English
WELCOME TO NK-VILLAN!
NK stands for Nordiska Kompaniet, the Nordic Company.
Here you will find exciting exhibitions and a cosy café.
Even though the NK Villa has been situated in the same place for more than a hundred years it took until 2006 before it was opened to the public. It is an imaginative building in Swiss style with the outside covered with scaly panel work. The architect was Ferdinand Boberg. He was one of Sweden's greatest architects of his time. Some of his work can be found in Stockholm, e.g. "Rosenbad" where the Swedish government resides.
The NK Villa was designed as an exhibition space for the Nordic Company for an industrial show in Norrköping, 60 km south of Nyköping, in 1906. Here they displayed "the newest and most exclusive furniture and interior decorations for the exclusive circle of customers which the Nordic Company primarily aimed themselves at". After the exhibition the villa was moved to Nyköping and given to the employees of the NK workshops, which had been established in the town some years earlier.
At the NK workshops furniture and decorations of high quality were made. Among other things they delivered furniture and interior decorations for the City Hall and Concert House in Stockholm.

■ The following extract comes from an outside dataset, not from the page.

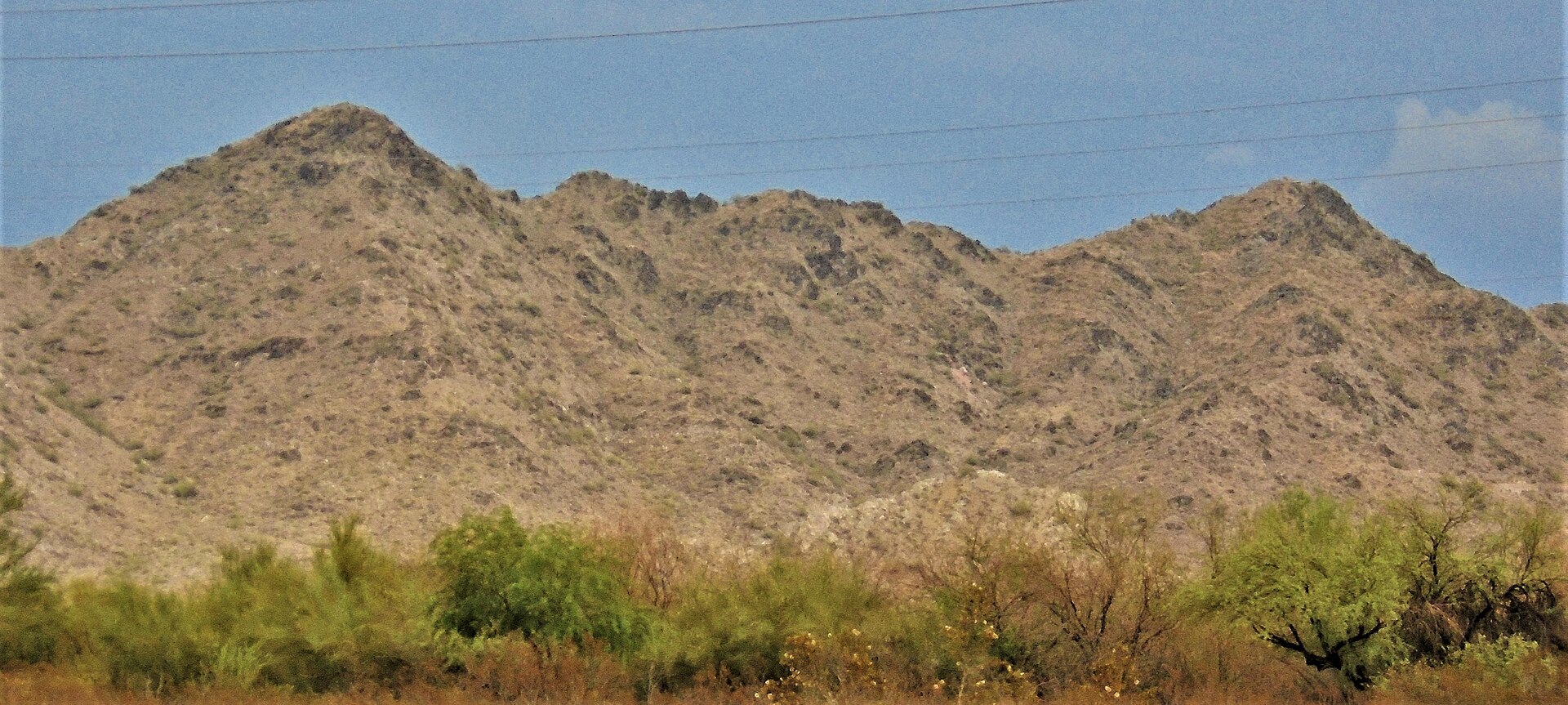 The San Tan Mountains in Pinal County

Another speciality was interior decoration for ships. For the MS Kungsholm, The Swedish America Line, they made library furniture of palisander (Brazilian rosewood) with silver intarsia. And once the Shah of Iran ordered a whole railway carriage. The luxury can hardly be described.

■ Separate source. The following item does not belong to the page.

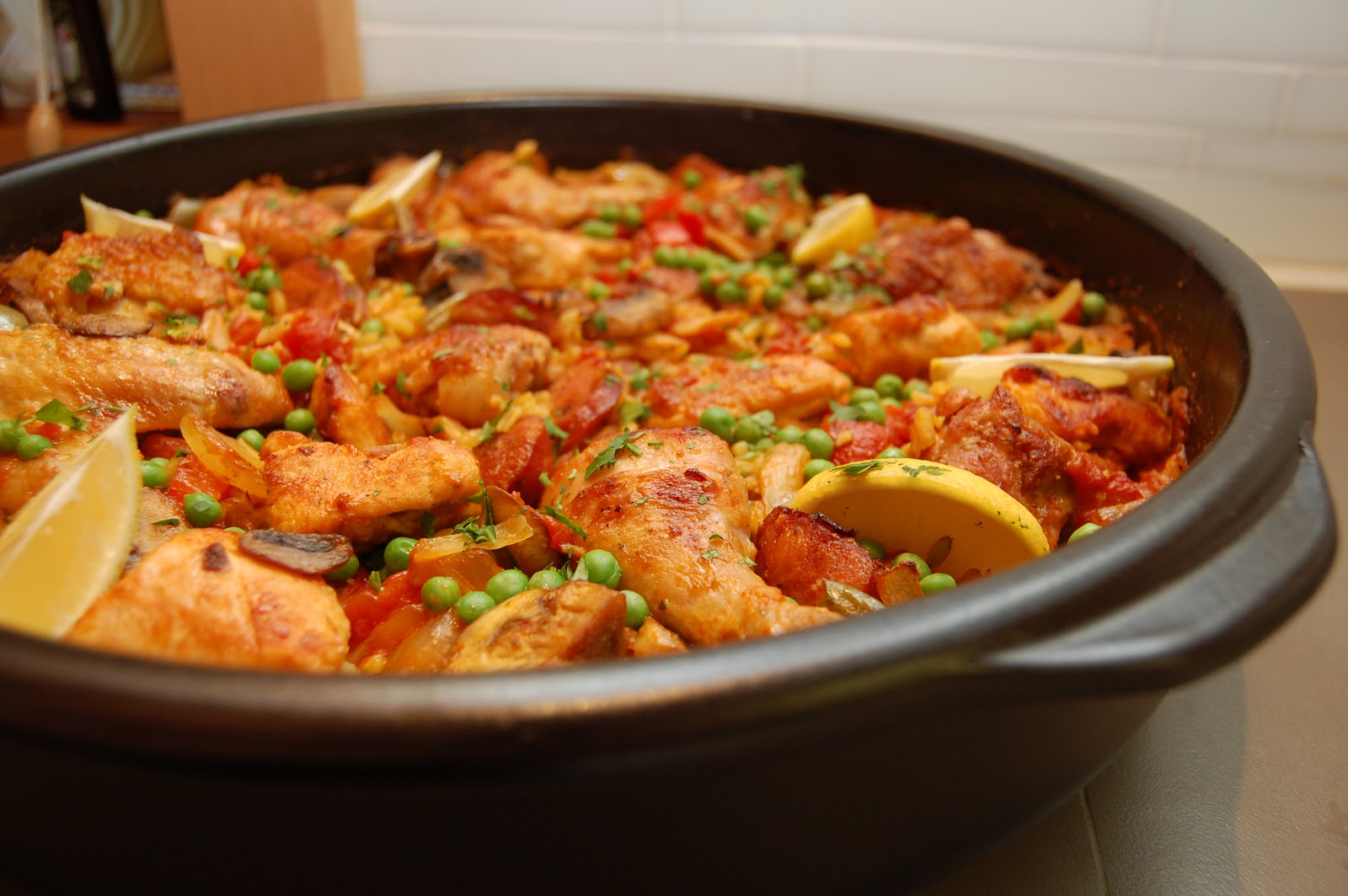 Feast Chicken Paella, Andalusian Style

Once upon a time the NK workshops were Nyköping's largest industry. Cabinet-makers, chair-makers, metal workers, upholsterers, gilders, sculptors, polishers and chasers were some of the occupations represented. On the premises were also a sawmill, timber yard and fire station.

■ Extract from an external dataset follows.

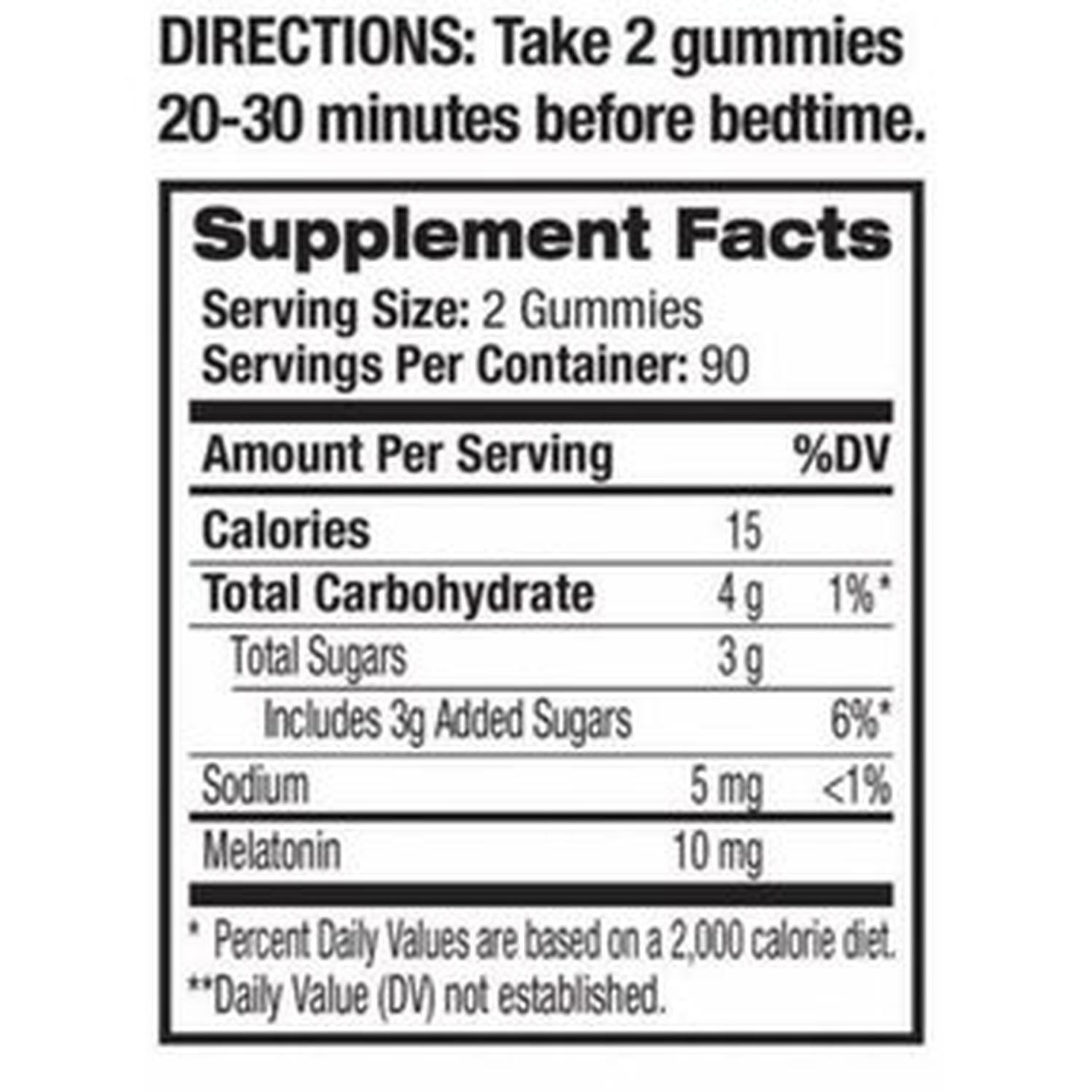 MELATONINA EN GOMITAS NATROL 10 MG - 200 GOMITAS - 3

In their leisure time the employees could visit the villa. Here meetings and festivities were arranged. The villa had a library and you could play chess, bridge, backgammon and other games. The villa was also home for the NK orchestra and the housewives' leisure. In 1946 the first nursery in Nyköping was opened on these premises.
1973 saw the end of the NK workshops. Production ceased and most of the buildings were pulled down. Today there is only the NK-villa and an office building left.
Nowadays the NK Villa is run by a non-profit organisation, that wants to make the NK Villa a living contribution to the cultural life of Nyköping by preserving and developing its activities.
The villa is open to exhibitions, concerts, lectures and other events.